[DATA BLOCK]:
• • •
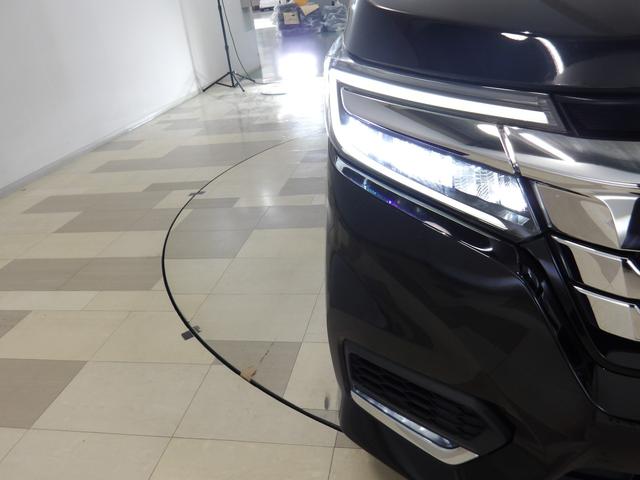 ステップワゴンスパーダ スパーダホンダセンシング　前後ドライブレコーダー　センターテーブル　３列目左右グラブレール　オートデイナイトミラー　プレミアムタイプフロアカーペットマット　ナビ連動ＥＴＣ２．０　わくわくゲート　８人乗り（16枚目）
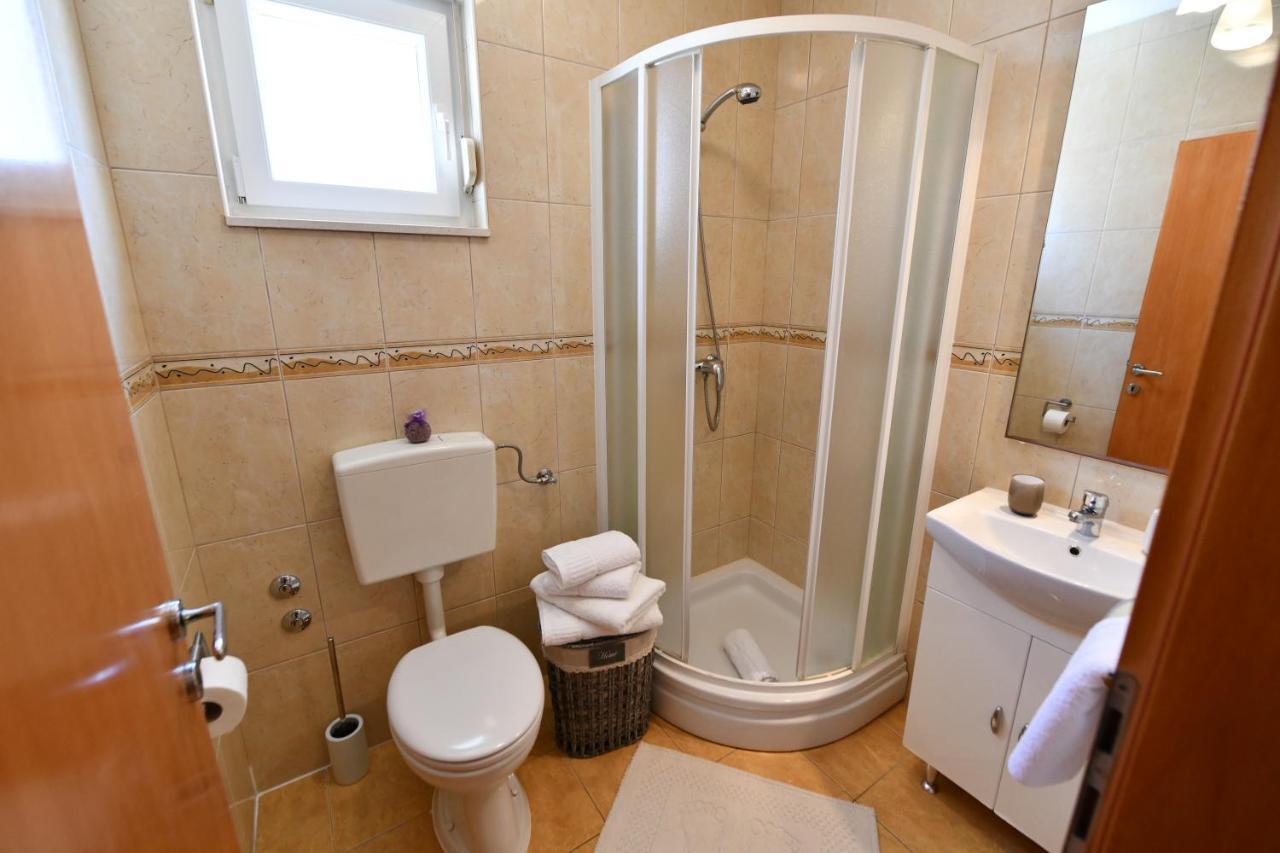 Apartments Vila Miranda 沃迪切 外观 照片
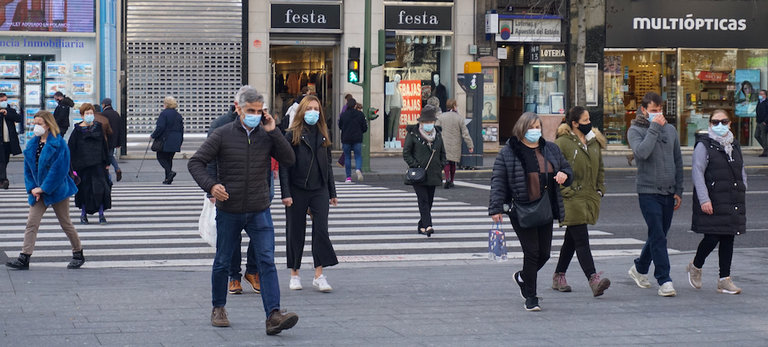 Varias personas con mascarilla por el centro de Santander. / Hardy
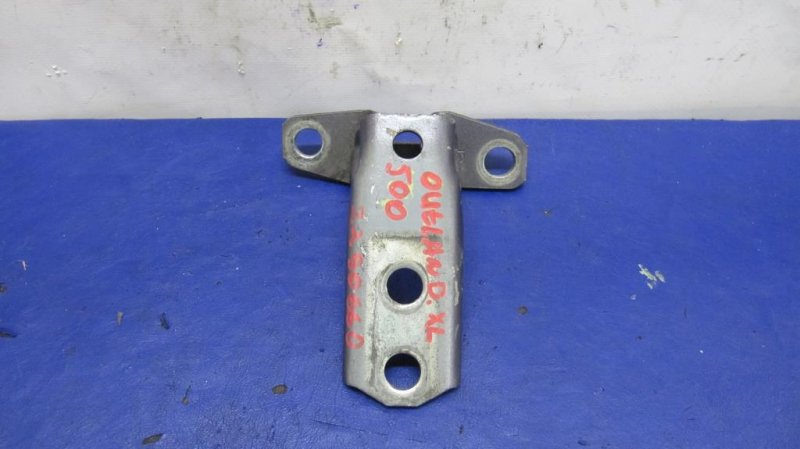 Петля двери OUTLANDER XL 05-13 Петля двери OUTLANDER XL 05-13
• • •
[EXERCISE GOAL]:
Line by line, write out the material exactly, leaving the images out.

[THE ANSWER]:
 ステップワゴンスパーダ スパーダホンダセンシング　前後ドライブレコーダー　センターテーブル　３列目左右グラブレール　オートデイナイトミラー　プレミアムタイプフロアカーペットマット　ナビ連動ＥＴＣ２．０　わくわくゲート　８人乗り（16枚目）
 Apartments Vila Miranda 沃迪切 外观 照片
 Varias personas con mascarilla por el centro de Santander. / Hardy
 Петля двери OUTLANDER XL 05-13 Петля двери OUTLANDER XL 05-13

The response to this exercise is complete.